Die politische Realität Deutschlands zeigt, dass die Entnazifizierung oft als weitgehend gescheitert angesehen wird. Laut Berichten gibt es eine kulturelle Faszination für Faschismus und Tyrannei. Zudem sind autoritäre Denk- und Handlungsmuster in deutschen Parlamenten zu beobachten. Es stellt sich daher die Frage, in welchem Maße die damaligen Maßnahmen erfolgreich waren und ob sie die Gesellschaft tatsächlich auf einen demokratischen Kurs führen konnten.

Historischer Kontext der Entnazifizierung

Die Entnazifizierung wurde unmittelbar nach dem Ende des Zweiten Weltkriegs durchgeführt. Im Januar 1946 verabschiedete der Alliierte Kontrollrat in Berlin die Kontrollratsdirektive Nr. 24, die Maßnahmen zur Entfernung von Personen aus öffentlichen Ämtern umreißte. Dazu gehörten Kriegsverbrecher, hochrangige Parteimitglieder sowie Beamte und Juristen, die als überzeugte Anhänger des Nationalsozialismus galten. In den westlichen Besatzungszonen wurden etwa 182.000 Personen inhaftiert, von denen bis 1947 etwa 86.000 entlassen wurden.

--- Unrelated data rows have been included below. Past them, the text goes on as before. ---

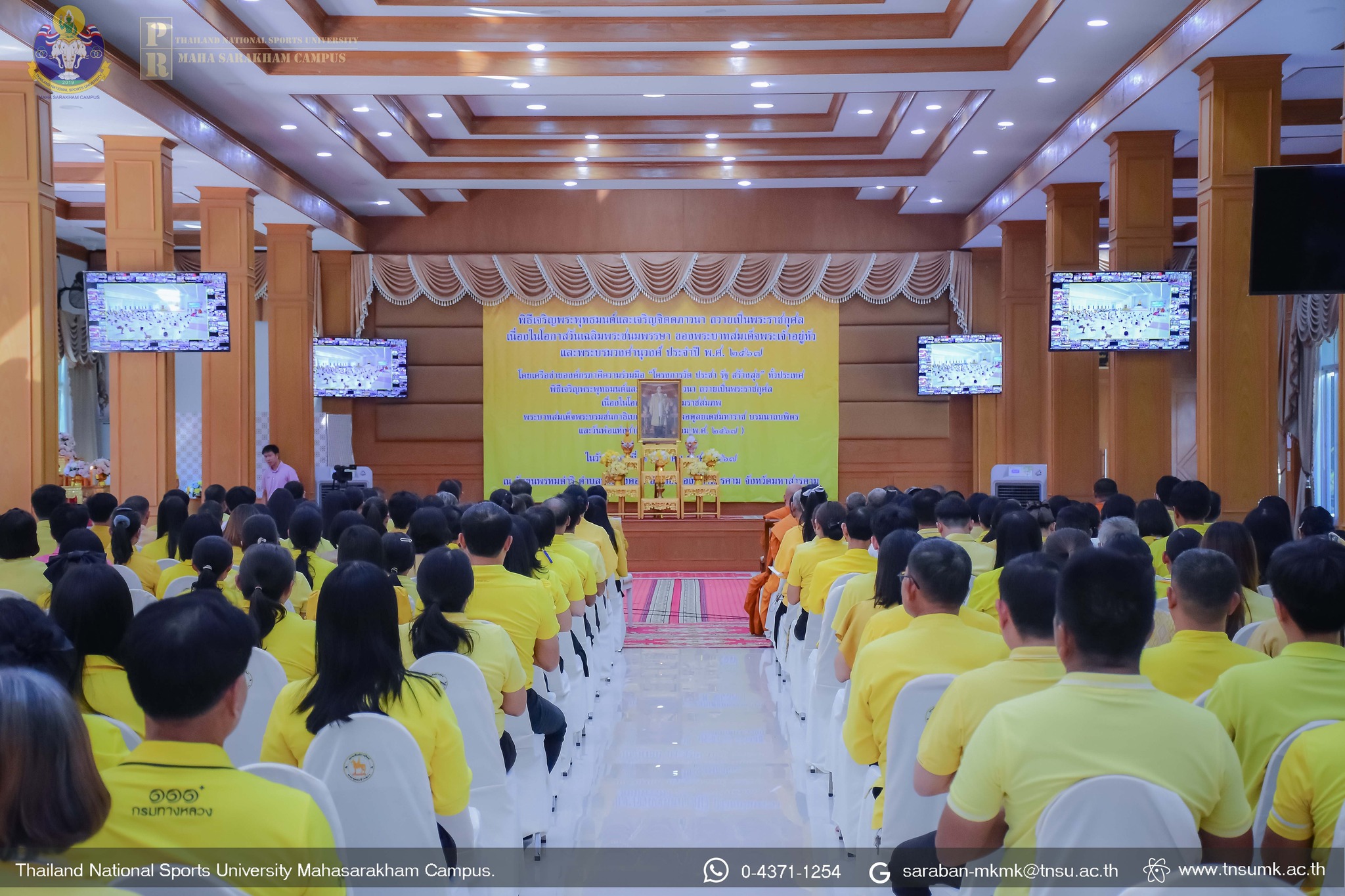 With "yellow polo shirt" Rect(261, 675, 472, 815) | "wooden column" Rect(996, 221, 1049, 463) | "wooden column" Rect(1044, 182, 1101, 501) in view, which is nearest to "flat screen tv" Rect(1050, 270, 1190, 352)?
"wooden column" Rect(1044, 182, 1101, 501)

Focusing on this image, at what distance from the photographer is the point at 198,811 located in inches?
56.5

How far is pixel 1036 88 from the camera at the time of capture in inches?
298

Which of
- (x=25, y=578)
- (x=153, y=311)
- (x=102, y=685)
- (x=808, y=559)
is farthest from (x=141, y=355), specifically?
(x=102, y=685)

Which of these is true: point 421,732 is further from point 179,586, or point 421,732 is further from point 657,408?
point 657,408

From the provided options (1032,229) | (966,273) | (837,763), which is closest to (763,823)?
(837,763)

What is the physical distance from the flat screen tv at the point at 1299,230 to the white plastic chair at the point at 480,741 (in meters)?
3.67

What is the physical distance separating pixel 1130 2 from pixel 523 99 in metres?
4.82

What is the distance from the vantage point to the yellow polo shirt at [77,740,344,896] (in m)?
1.42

Insgesamt durchliefen über 3,6 Millionen Deutsche das Entnazifizierungsverfahren, wobei in einer Auswertung von Fragebögen, die alle über 18-Jährigen ausfüllen mussten, deren Mitgliedschaften in der NSDAP und weitere Verstrickungen erfasst wurden. Die Drittelung in Kategorien wie Hauptschuldige und Mitläufer führte zur weit verbreiteten Auffassung, dass die Entnazifizierung nicht konsequent durchgeführt wurde. Der Spruch „Die Kleinen hängt man, die Großen lässt man laufen“ beschreibt den empfundenen Mangel an Gerechtigkeit und die erlebte Ungleichheit in der Verurteilung von Nazi-Verbrechern.

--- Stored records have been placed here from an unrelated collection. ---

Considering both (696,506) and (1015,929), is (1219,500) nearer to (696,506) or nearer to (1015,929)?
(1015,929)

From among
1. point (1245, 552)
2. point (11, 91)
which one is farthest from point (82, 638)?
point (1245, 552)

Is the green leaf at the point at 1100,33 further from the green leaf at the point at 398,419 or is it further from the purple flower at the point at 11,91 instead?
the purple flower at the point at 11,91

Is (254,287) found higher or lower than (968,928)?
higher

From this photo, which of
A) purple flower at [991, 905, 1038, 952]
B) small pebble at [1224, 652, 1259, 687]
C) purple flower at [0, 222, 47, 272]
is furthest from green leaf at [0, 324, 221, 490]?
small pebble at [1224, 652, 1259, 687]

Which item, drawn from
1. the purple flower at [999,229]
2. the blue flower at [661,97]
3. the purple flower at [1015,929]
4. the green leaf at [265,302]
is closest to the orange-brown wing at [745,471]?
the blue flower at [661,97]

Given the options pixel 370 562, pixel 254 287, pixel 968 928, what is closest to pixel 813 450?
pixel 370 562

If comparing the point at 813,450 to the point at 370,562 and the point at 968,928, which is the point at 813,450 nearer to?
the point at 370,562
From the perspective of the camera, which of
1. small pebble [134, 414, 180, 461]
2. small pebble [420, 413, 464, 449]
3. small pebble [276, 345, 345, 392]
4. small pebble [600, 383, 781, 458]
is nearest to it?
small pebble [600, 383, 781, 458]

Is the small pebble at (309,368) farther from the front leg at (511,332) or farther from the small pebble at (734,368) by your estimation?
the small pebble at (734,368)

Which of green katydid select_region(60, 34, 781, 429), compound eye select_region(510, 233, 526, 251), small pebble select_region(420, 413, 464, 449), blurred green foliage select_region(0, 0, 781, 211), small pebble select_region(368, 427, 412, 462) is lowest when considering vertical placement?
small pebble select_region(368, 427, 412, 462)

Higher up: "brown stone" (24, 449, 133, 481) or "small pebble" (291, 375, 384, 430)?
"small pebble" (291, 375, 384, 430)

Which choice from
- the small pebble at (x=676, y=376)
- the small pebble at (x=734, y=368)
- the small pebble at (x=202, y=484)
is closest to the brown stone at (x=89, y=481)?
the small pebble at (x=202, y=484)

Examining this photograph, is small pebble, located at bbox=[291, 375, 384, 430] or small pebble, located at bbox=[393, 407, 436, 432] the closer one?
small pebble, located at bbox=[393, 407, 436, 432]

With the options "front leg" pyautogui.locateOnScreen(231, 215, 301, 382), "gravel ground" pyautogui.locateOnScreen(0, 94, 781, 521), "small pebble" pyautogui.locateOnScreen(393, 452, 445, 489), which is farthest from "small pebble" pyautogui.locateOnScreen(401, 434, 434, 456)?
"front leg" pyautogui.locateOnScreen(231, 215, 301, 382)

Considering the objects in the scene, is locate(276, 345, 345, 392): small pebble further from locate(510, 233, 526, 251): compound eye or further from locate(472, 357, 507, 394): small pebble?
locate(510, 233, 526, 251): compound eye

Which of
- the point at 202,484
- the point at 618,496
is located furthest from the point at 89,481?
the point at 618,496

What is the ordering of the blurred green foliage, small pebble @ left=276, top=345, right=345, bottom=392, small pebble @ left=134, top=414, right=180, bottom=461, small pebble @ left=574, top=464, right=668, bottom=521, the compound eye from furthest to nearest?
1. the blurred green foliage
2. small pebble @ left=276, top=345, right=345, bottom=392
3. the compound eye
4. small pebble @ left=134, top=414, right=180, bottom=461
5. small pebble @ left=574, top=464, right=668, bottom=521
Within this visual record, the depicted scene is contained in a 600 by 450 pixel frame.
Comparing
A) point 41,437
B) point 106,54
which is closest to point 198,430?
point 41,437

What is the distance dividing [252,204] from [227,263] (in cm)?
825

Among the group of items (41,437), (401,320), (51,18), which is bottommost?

Nachwirkungen und heutige Relevanz

Obwohl die Entnazifizierung offiziell 1951 in der Bundesrepublik Deutschland beendet wurde, bleibt die Auseinandersetzung mit der Nazi-Vergangenheit ein zentrales Thema. Neuere Forschungen zeigen, dass auch in der DDR ehemalige Nazis Karriere machen konnten, während die SED versuchte, die eigene Geschichte als antifaschistischen Staat zu verkaufen. Der Vergleich zwischen den Besatzungszonen offenbart, dass die Entnazifizierung in der sowjetischen Zone strenger war, jedoch mehr als ein politisches Mittel diente, während viele ehemalige NS-Funktionäre in der Bundesrepublik ungehindert Karriere machten, wie der Fall des Mitverfassers der Nürnberger Rassegesetze, Hans Globke, zeigt.

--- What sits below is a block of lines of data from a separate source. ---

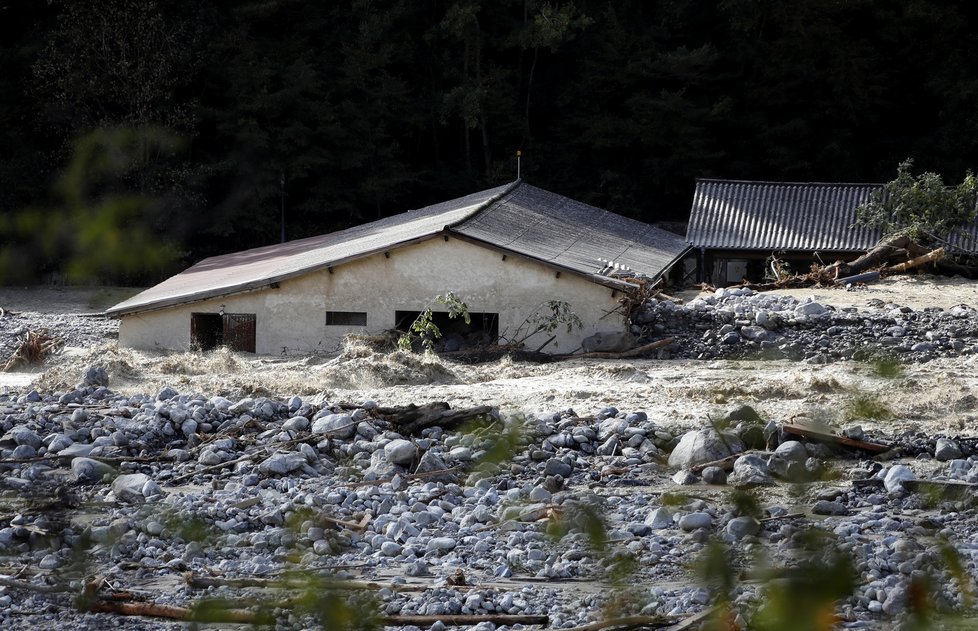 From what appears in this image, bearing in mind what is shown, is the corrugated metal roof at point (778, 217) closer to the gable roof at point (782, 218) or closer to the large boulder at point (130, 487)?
the gable roof at point (782, 218)

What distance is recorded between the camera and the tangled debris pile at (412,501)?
23.4ft

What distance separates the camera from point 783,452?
420 inches

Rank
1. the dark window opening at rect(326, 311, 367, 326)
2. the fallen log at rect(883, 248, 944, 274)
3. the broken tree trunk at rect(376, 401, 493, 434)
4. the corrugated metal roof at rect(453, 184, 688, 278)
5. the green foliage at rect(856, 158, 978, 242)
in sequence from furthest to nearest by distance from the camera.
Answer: the green foliage at rect(856, 158, 978, 242), the fallen log at rect(883, 248, 944, 274), the corrugated metal roof at rect(453, 184, 688, 278), the dark window opening at rect(326, 311, 367, 326), the broken tree trunk at rect(376, 401, 493, 434)

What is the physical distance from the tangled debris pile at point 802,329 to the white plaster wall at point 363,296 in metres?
2.54

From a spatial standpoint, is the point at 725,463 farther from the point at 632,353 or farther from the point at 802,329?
the point at 802,329

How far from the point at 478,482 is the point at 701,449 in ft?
7.16

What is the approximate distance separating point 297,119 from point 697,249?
37.1 feet

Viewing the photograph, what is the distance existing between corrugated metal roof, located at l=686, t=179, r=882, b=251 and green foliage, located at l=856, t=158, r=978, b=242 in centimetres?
38

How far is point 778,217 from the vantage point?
2886 cm

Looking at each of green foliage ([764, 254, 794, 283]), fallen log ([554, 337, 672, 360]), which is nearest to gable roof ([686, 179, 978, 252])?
green foliage ([764, 254, 794, 283])

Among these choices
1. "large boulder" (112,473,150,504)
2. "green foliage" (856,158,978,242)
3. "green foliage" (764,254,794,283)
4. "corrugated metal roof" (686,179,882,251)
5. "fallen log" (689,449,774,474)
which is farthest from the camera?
"corrugated metal roof" (686,179,882,251)

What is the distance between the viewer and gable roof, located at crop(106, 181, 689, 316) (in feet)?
68.1

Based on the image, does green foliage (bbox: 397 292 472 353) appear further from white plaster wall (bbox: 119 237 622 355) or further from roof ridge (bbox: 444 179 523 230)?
roof ridge (bbox: 444 179 523 230)

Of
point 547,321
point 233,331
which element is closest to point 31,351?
point 233,331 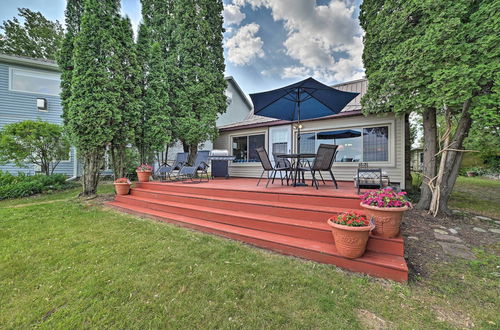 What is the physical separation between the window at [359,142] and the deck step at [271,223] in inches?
169

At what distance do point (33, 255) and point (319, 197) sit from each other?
13.7 feet

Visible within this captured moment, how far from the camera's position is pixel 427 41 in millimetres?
3742

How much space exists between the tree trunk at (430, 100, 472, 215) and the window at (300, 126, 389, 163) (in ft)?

Die Performance „Entnazifiziert euch!“ stellt damit eine wichtige Plattform dar, um die komplexen Bezüge zwischen der ersten und der zweiten deutschen Demokratie zu thematisieren. Mit zeitgenössischen Bezugnahmen auf aktuelle Themen wie Künstliche Intelligenz, christliche Fundamentalisten und Geschlechtsidentität will die Performance neue Gesprächsräume eröffnen. Bei all diesen Aspekten stellt sich die zentrale Frage: Wie können wir aus der Geschichte lernen, um eine gerechtere Zukunft zu gestalten?

Für Interessierte findet die Veranstaltung auf Englisch statt und bietet die Möglichkeit, sich intensiv mit diesen Themen auseinanderzusetzen. Weitere Informationen zur Performance sind auf berlin.de einsehbar. Die historische Entnazifizierung kann zudem detailliert auf Wikipedia und Planet Wissen nachverfolgt werden.